TASK TO COMPLETE -
Reproduce the whole listing that follows, character for character, and drop the images.

+++

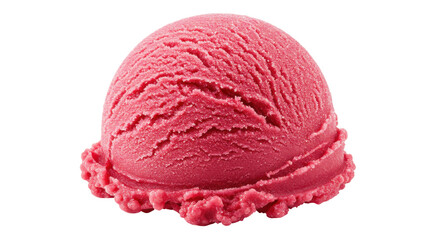 Raspberry ice cream scoop isolated PNG, refreshing summer dessert on transparent background for food and beverage designs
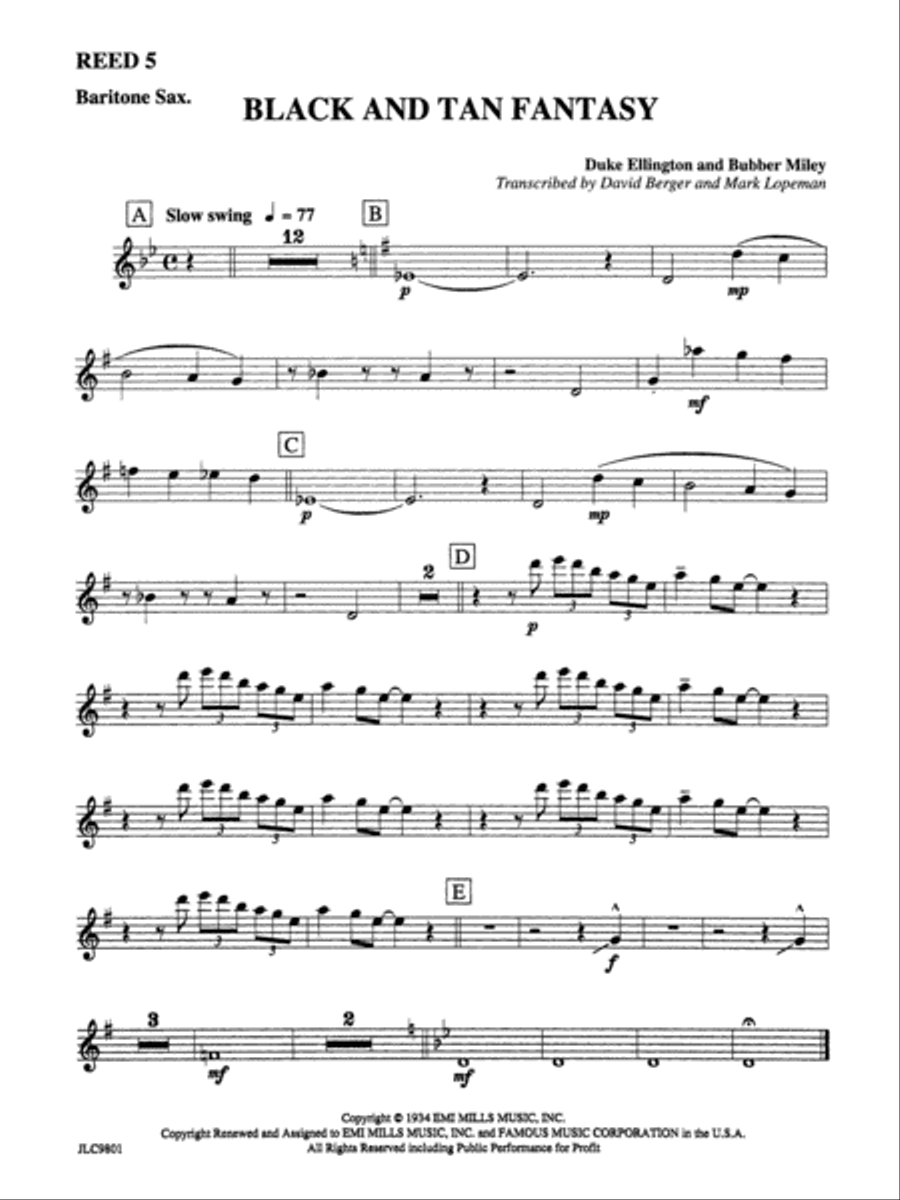 Black and Tan Fantasy: E-flat Baritone Saxophone Jazz Ensemble scores gallery preview page 1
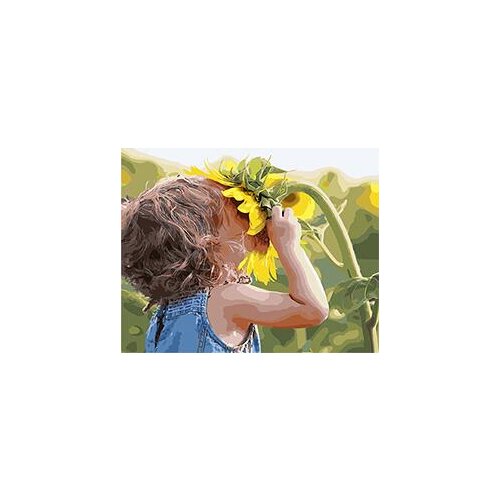 MaHuaf-W258 boy and sunflower Acrylic Paint By Numbers Oil Painting Gift Coloring By Numbers
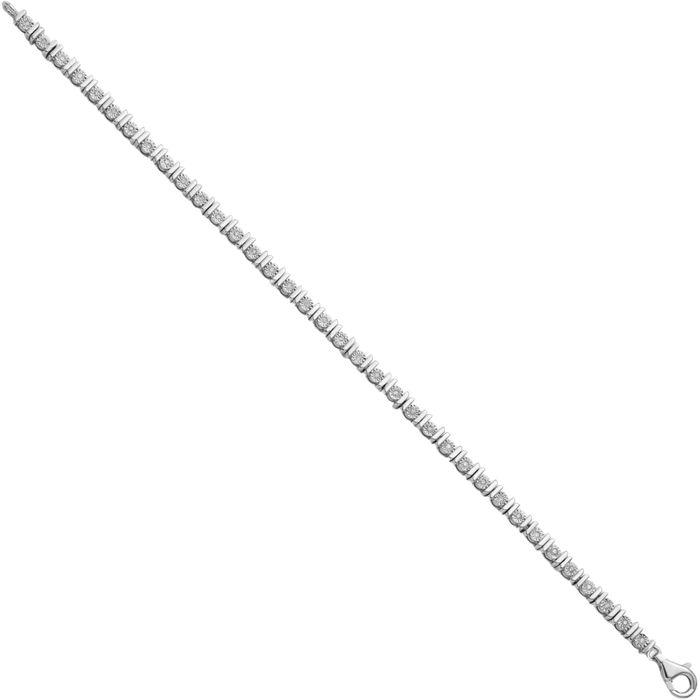 925 Sterling Silver Diamond Tennis Bracelet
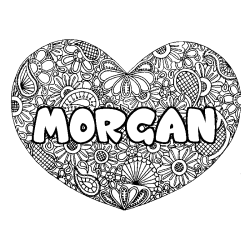 Coloriage pr&eacute;nom MORGAN - d&eacute;cor Mandala coeur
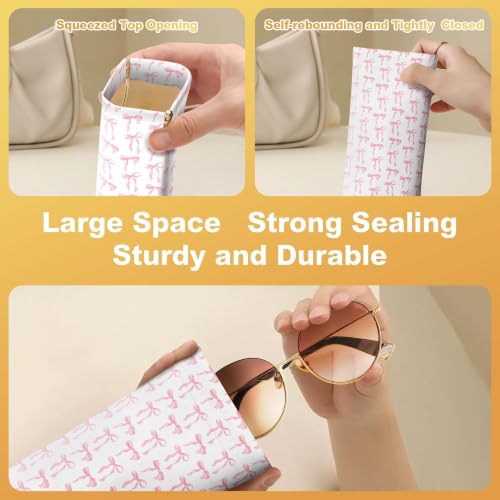 Soft Sunglasses Case for Women, PU Leather Squeeze Top Glasses Case - color: 12-cute Black Bow(2pcs)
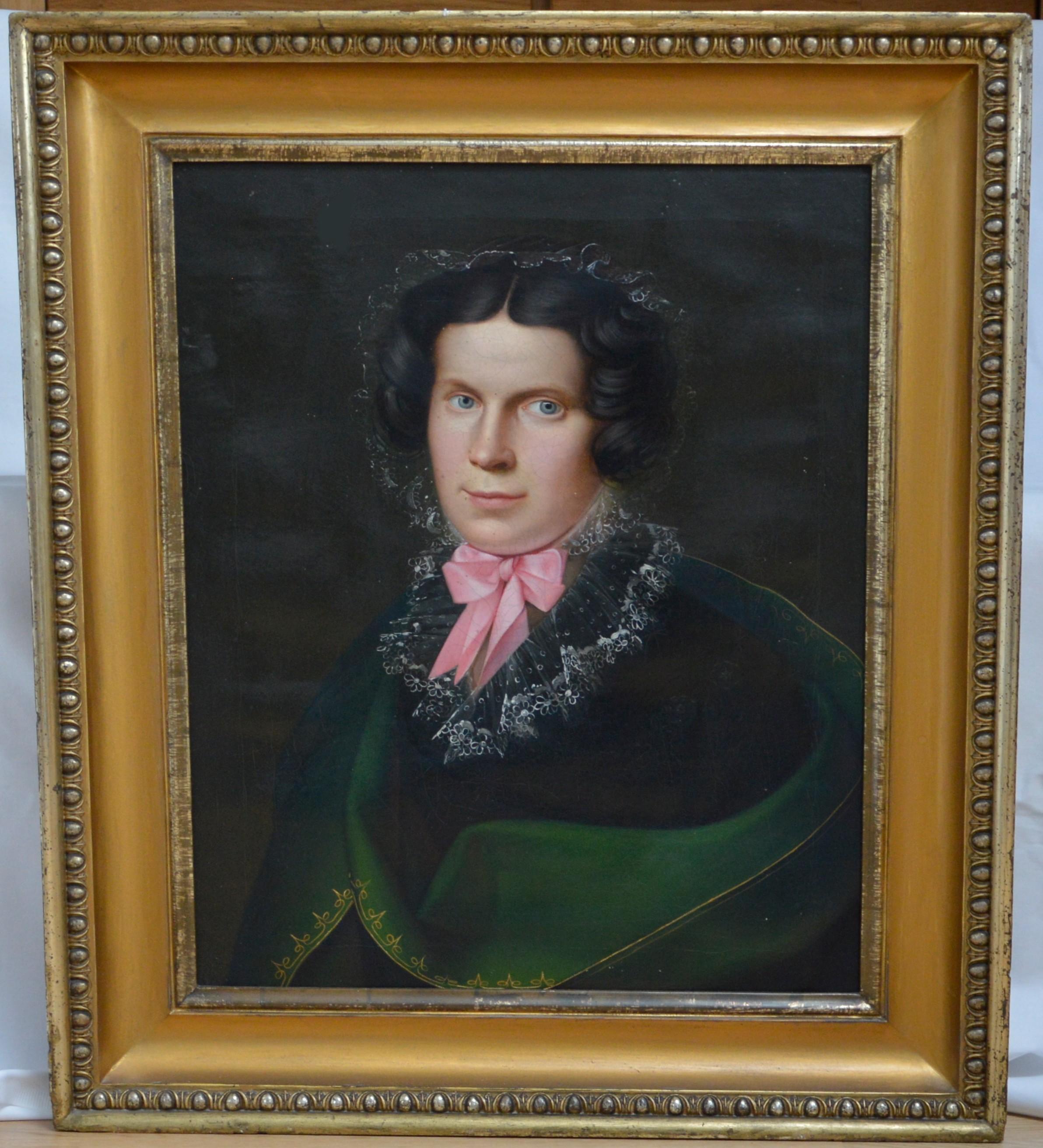 Portrait de femme 19 19ème siècle - Painting de Unknown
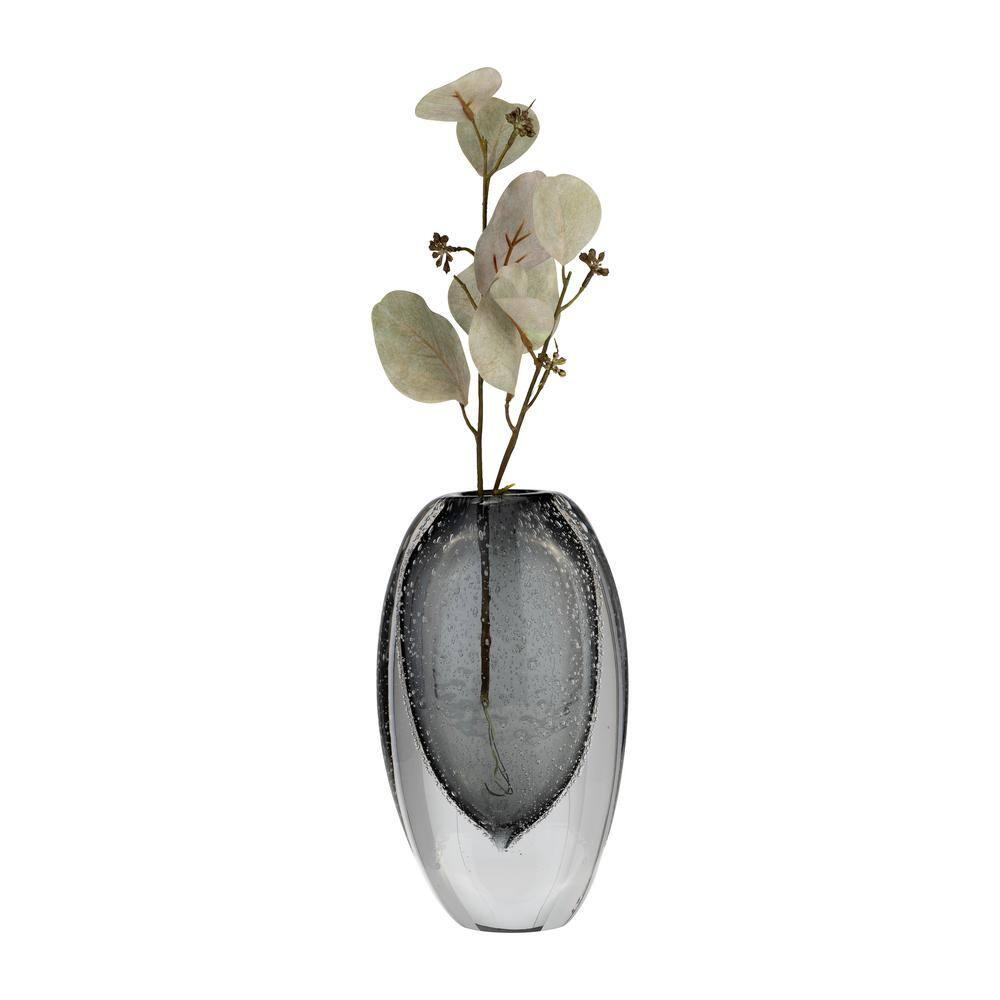 Sagebrook Home Glass, 9"H Ellipse Vase, Smoke, 9"H - 6.0" x 3.0" x 9.0"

+++

OUTPUT FOR THIS TASK -
 Raspberry ice cream scoop isolated PNG, refreshing summer dessert on transparent background for food and beverage designs
 Black and Tan Fantasy: E-flat Baritone Saxophone Jazz Ensemble scores gallery preview page 1
 MaHuaf-W258 boy and sunflower Acrylic Paint By Numbers Oil Painting Gift Coloring By Numbers
 925 Sterling Silver Diamond Tennis Bracelet
 Coloriage pr&eacute;nom MORGAN - d&eacute;cor Mandala coeur
 Soft Sunglasses Case for Women, PU Leather Squeeze Top Glasses Case - color: 12-cute Black Bow(2pcs)
 Portrait de femme 19 19ème siècle - Painting de Unknown
 Sagebrook Home Glass, 9"H Ellipse Vase, Smoke, 9"H - 6.0" x 3.0" x 9.0"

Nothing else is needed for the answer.